Q How much can I earn staking with Rocket Pool?
Q Is rETH safe?
Q Can I unstake rETH for ETH directly?
Q What hardware do I need to run a Rocket Pool minipool?
Q Does Rocket Pool support restaking?
Q What is the smoothing pool?
Q Can I lose money holding rETH?
Conclusion
Rocket Pool represents a particular vision of what Ethereum staking should be. It is messier than a centralized exchange offering one-click staking. It is more capital-intensive than Lido for node operators. The token economics are more complicated than most DeFi protocols. But every one of those trade-offs exists to preserve a single property: anyone, anywhere, can participate in securing Ethereum without permission.
That ideological commitment shapes everything about Rocket Pool. The 8 ETH and 4 ETH bonded minipool models exist because the team kept asking how to lower the barrier to running a validator without compromising security. The RPL collateral system exists to align node operator incentives with the rETH stakers who trust them.

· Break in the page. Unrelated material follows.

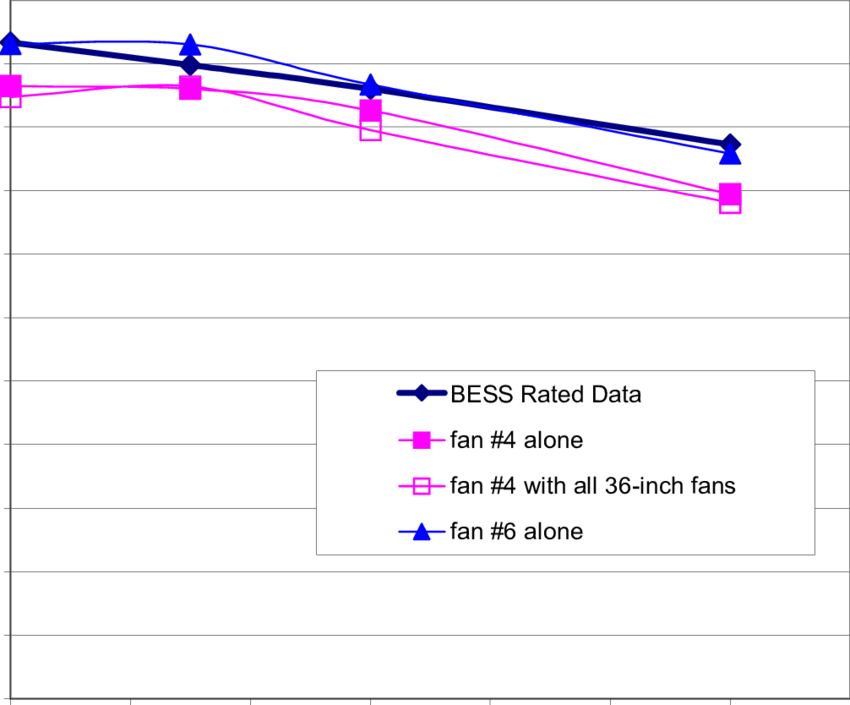 Comparison Of Two 50-inch Fans At Farm B - Diagram (850x705), Png Download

The Oracle DAO exists because Ethereum oracles for cross-layer data are still a hard problem, and Rocket Pool would rather solve it with a small trusted set than with a half-baked trustless solution that exposes user funds to risk.
If you are an ETH holder who wants liquid staking with the strongest possible decentralization guarantees, rETH is the most aligned choice. If you have spare ETH and the hardware skills to run a node, becoming a Rocket Pool node operator is one of the most direct ways to contribute to Ethereum while earning yield. If you are a DeFi power user, rETH is one of the most composable and integrated liquid staking tokens in the entire ecosystem. As Ethereum matures and the importance of decentralized infrastructure becomes more obvious, Rocket Pool's role in the staking landscape is likely to keep growing through Saturn 3 and beyond.